*EXERCISE*: Your answer should repeat every line of the records below in which the word "View" appears.

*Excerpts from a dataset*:
>>>
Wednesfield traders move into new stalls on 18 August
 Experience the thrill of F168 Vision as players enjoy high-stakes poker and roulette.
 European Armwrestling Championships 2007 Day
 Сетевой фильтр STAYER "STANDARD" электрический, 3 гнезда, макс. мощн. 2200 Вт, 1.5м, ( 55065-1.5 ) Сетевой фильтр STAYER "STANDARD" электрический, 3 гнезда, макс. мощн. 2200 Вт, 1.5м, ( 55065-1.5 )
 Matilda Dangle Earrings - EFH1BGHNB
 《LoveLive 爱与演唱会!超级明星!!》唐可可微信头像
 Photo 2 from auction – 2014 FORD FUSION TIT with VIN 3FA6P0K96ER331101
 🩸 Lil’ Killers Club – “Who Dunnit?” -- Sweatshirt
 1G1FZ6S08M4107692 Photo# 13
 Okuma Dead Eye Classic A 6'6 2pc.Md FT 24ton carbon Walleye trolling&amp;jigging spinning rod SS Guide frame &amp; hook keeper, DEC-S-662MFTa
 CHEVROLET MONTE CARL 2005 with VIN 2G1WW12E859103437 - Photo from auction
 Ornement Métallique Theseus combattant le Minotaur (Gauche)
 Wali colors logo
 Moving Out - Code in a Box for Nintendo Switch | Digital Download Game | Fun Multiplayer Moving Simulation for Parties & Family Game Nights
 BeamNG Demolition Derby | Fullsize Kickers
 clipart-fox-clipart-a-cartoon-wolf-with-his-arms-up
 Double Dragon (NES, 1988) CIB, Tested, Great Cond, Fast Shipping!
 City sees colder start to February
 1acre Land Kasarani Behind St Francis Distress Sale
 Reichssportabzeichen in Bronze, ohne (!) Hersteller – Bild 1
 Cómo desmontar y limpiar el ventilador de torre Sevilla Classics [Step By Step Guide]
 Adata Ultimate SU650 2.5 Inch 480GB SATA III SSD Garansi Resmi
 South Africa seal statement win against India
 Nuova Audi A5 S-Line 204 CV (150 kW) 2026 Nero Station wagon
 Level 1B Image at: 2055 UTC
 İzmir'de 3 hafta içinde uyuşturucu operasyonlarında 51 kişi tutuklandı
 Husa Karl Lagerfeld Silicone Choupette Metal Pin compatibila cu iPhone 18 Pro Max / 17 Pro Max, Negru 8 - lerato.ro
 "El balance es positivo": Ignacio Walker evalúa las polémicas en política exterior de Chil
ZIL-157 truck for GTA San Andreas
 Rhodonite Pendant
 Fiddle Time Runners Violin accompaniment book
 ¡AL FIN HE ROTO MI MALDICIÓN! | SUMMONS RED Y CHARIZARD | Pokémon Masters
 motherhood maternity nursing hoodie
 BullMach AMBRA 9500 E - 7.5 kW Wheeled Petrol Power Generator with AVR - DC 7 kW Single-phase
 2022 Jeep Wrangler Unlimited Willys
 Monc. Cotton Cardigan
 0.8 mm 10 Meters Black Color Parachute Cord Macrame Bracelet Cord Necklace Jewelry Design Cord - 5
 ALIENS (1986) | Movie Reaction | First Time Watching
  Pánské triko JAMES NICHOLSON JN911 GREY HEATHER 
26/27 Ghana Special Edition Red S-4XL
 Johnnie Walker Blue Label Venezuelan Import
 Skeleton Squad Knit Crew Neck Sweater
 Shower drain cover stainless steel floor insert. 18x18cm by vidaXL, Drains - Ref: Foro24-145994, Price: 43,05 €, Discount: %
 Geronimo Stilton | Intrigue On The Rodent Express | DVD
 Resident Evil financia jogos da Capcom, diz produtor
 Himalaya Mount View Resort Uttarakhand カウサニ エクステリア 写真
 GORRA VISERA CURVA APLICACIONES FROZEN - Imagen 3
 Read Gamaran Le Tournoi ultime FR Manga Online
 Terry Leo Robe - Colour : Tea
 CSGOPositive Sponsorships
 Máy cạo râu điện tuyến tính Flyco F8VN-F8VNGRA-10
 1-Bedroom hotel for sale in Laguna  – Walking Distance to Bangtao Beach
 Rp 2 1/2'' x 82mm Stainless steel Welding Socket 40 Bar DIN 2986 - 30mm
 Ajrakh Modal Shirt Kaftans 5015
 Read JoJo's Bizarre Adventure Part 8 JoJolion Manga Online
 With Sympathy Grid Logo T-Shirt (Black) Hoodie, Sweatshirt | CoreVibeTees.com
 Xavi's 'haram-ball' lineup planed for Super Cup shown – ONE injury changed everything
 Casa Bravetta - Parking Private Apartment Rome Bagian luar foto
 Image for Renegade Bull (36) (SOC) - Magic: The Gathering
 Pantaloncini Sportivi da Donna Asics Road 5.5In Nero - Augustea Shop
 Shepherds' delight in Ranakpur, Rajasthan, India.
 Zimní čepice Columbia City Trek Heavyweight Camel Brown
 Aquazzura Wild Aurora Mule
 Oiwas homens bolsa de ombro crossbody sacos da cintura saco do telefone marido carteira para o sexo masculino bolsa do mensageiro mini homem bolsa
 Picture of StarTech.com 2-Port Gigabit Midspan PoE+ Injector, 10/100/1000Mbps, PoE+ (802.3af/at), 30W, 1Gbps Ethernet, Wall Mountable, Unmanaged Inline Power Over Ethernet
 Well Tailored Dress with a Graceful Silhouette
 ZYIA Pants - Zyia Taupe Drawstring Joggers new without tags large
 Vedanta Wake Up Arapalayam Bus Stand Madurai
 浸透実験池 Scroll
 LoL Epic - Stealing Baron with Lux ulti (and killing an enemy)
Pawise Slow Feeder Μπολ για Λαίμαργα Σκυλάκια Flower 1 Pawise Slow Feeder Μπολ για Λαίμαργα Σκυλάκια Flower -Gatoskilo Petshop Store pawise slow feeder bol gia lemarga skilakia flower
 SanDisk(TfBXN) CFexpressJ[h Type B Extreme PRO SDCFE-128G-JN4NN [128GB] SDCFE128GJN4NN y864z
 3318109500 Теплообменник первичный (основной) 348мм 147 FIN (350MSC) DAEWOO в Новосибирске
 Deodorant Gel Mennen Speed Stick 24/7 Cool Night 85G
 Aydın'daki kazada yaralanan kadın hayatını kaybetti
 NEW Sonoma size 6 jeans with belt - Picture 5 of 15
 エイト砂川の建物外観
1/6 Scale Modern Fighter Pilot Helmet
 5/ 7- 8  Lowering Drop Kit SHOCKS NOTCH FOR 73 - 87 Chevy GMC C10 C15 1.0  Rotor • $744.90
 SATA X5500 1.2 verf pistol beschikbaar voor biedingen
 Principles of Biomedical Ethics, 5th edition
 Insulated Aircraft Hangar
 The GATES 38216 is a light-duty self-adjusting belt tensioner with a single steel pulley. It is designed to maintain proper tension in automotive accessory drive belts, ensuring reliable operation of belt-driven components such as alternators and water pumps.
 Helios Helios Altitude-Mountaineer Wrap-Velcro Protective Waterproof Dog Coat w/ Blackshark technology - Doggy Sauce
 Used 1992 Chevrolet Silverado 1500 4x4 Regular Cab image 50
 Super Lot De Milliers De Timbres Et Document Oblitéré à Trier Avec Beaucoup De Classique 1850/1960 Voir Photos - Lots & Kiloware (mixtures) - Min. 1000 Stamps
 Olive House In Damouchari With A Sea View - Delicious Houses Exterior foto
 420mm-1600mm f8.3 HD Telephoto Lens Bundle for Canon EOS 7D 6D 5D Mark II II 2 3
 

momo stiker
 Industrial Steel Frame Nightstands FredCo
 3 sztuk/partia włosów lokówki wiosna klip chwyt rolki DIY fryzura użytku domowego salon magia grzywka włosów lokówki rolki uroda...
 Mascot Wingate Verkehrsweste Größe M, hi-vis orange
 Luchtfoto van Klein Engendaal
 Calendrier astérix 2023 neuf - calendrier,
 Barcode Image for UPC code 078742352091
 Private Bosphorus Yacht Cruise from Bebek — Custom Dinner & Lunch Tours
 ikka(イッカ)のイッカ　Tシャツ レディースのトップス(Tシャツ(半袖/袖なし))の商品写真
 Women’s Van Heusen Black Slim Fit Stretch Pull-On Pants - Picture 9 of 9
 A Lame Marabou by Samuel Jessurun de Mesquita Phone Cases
<<<
*TASK ANSWER*:
 Himalaya Mount View Resort Uttarakhand カウサニ エクステリア 写真
 Olive House In Damouchari With A Sea View - Delicious Houses Exterior foto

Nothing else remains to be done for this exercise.